The second thing is that they seem to be hoarding a lot of cash. They have like $80 million cash on hand, and are spending much less than they raise. This isn't inherently an issue if they're trying to build an organization that's self-sustaining, but it does mean as a donor your money is not likely going to actual stuff in the short or medium term.

Speaking of that actual stuff, they don't seem to spend most of what goes out the door on their headline-generating programs. A pretty big chunk of their outflow is just grants to other 501(c)(3)s, which is not something you need to be spending millions in executive compensation for. As best I can figure, in 2021 they did just shy of $11 million of grants to other nonprofits. It's a little tricky to suss out their spending on program expenses versus admin, but they claim for outside the US a total of just shy of $8 million in program expenses.

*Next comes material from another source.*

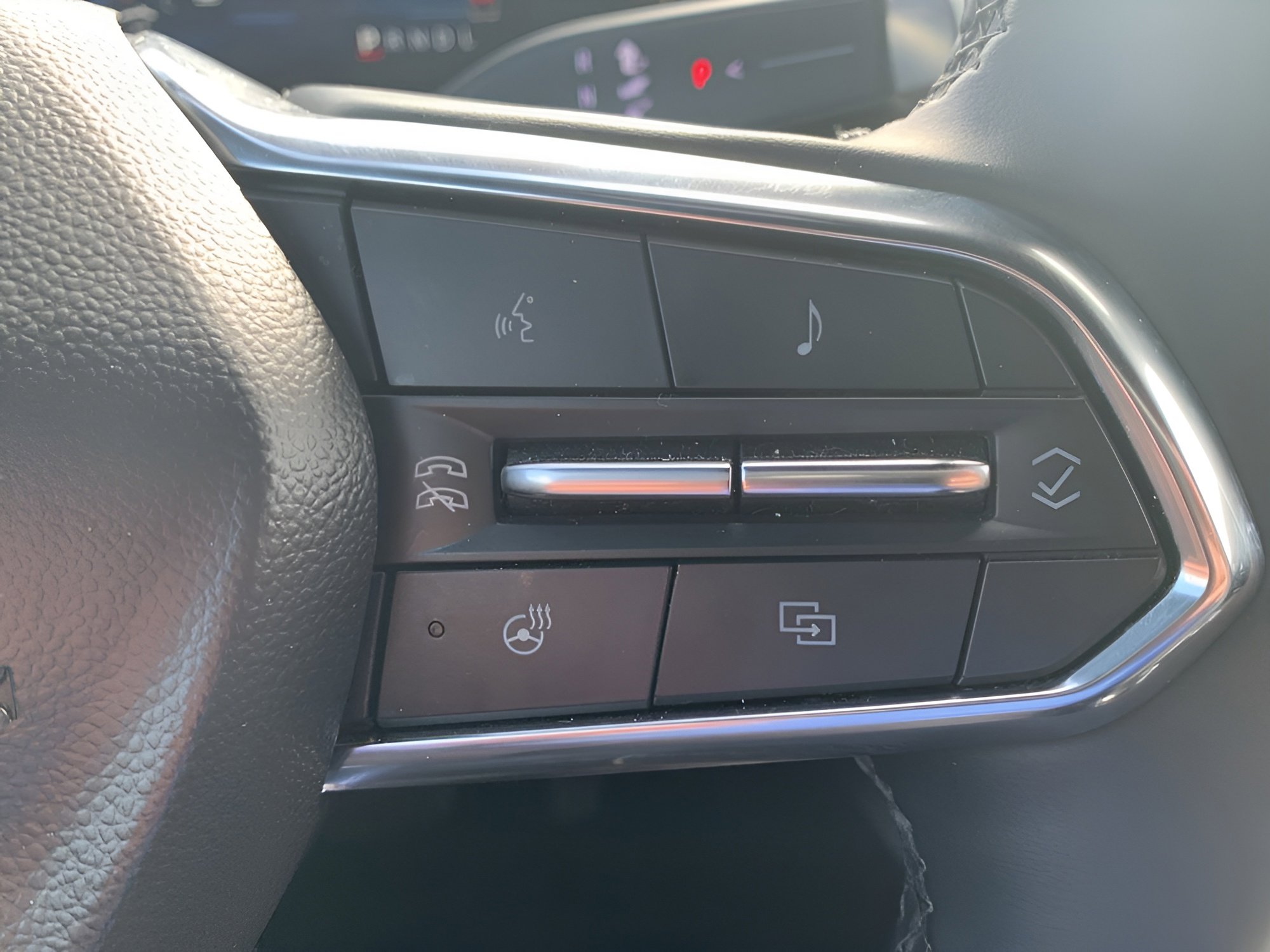 Used 2025 Chevrolet Equinox LT AWD/4WD image 13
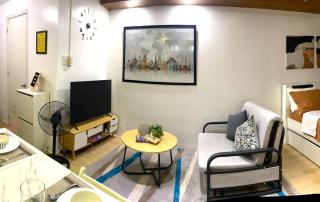 Ana's Crib-The Shine Residences - 1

Legal expenses are also very high (at over 1.5 million). Not sure if they're involved in some expensive litigation or what is going on there. Travel is also really high at 1.9 million, but given the nature of their organization, a good chunk of that is likely programmatic.

Now it looks like, even if maybe he did (?) save some kid(s) from trafficking along the way, it was mostly a grift? Anyway, the point is, stories like this abound.

So it would be more surprising, in the end, if the rationalist community had actually transcended human nature in this case. And by "human nature" I don't even mean greedy and grubbing; I just mean that anyone who isn't already independently wealthy must, to continue existing, find a grind or a grift! As usual, I have no solutions. This particular case is arguably especially meta, given the influence AI seems likely to have on the grind-or-grift options available to future (maybe, near-future) humans. And maybe this particular case is especially demonstrative of hypocrisy, given the explicit opposition of both effective altruism and the ratsphere to precisely the kind of grind-or-grift mentality that dominates every other non-profit world. But playing the game one level higher apparently did not, at least in this case, translate into playing a different game. Perhaps, so long as we are baseline homo sapiens, there is no other game available to us.

...is that sarcasm?

Nope.

I have to assume you are at least aware that Twitch isn't only for gaming, right?

I was previously unaware.

I know you said you don't watch it, but the idea that Twitch ... is just about gaming is trivially demonstrated as false.

Yep. No one had ever demonstrated that to me.

or even live-streaming in general

I understand that many things are live-streamed, though I basically never watch live-streams outside of oral arguments before appellate courts. But I always thought Twitch was a gaming service. I even have a login through Amazon that I sometimes use to get gaming bonuses, and I never saw anything there that wasn't someone else playing a video game.

I understand that the question is relatively simple to answer, but I'm pointing out that the question itself never even occurred to me. I've never had any reason at all to suppose Twitch was anything but a video game streaming service.

I felt like this was a surprisingly complex problem when I started reading about it, but your replies (and others) are strengthening that sense dramatically. For want of a less politically-loaded word, "democratization" of technology seems to be taking our species to some pretty weird places already. How much further along this tech tree can we go before Something Breaks?

It's not only a gaming platform, that's why.

Thanks--today I learned!

This, along with other comments explaining to me that Twitch does more than video game streaming, was very helpful. Thank you!

I'm confused. Enough people were showing NSFW material Twitch thought was inappropriate that they reversed course. This seems quite different from your description of humans trying to become "teenage-presenting (cat?)girls."

I'm confused too, I guess.

My comment about Fisherian runaway was related to the AI stuff... like, if lewds are permitted and lewds get clicks, then yeah you're gonna get camgirls but also (I assume) you're going to get camboys using AI filters to present as camgirls for the views. But if that's not what was raising the AI concerns at Twitch then I guess I misunderstood something.